Recently, we have shown, contrary to what is described, that CD4+ T cells, the paradigm of adaptive immune cells, capture bacteria from infected dendritic cells (DCs) by a process called transinfection. Here, we describe the analysis of the transinfection process, which occurs during the course of antigen presentation. This process was unveiled by using CD4+ T cells from transgenic OTII mice, which bear a T cell receptor (TCR) specific for a peptide of ovoalbumin (OVAp), which therefore can form stable immune complexes with infected dendritic cells loaded with this specific OVAp. The dynamics of green fluorescent protein (GFP)-expressing bacteria during DC-T cell transmission can be monitored by live-cell imaging and the quantification of bacterial transinfection can be performed by flow cytometry. In addition, transinfection can be quantified by a more sensitive method based in the use of gentamicin, a non-permeable aminoglycoside antibiotic killing extracellular bacteria but not intracellular ones. This classical method has been used previously in microbiology to study the efficiency of bacterial infections. We hereby explain the protocol of the complete process, from the isolation of the primary cells to the quantification of transinfection.

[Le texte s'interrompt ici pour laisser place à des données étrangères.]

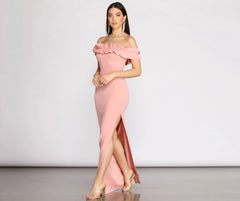 Colleen Ruffle Off Charming Shoulder Crepe Dress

Quand un agent pathogène infecte son hôte, il ya généralement une activation des réponses immunitaires innées et adaptatives, nécessaires à la clairance bactérienne. L'immunité innée est la première ligne de défense qui empêche la plupart des infections. L'immunité innée distinguer dans un des éléments précis de façon qui sont conservés parmi les grands groupes de micro-organismes (motifs moléculaires associés à des pathogènes, PAMP) 1. Les mécanismes de l'immunité innée sont les barrières physiques telles que la peau, les barrières chimiques (des peptides antimicrobiens, lysozyme) et les leucocytes innées, qui incluent les phagocytes (macrophages, les neutrophiles et les cellules dendritiques), les mastocytes, les éosinophiles, les basophiles et les cellules tueuses naturelles 2. Ces cellules identifier et éliminer les agents pathogènes, soit en les attaquant par contact ou par phagocytose, qui comprend pathogène engloutissant et le meurtre. Ce système ne permet pas de défense à vie, contrairement à l'immunité adaptative, qui confèrent une mémoire immunologique contre pathogens. Le système immunitaire adaptatif est la deuxième ligne de défense et est capable de reconnaître et de réagir à des antigènes spécifiques de multiples microbienne et des substances non-microbiennes 3. Les principaux composants du système immunitaire adaptatif sont les lymphocytes, qui incluent les cellules B et T. Les cellules B sont impliqués dans la réponse humorale, sécrétant des anticorps contre des agents pathogènes ou de protéines exogènes. Cependant, les cellules T représentent l'immunité à médiation cellulaire, la modulation de la réponse immunitaire ou la sécrétion des cytokines tuer les cellules infectées par des agents pathogènes 4.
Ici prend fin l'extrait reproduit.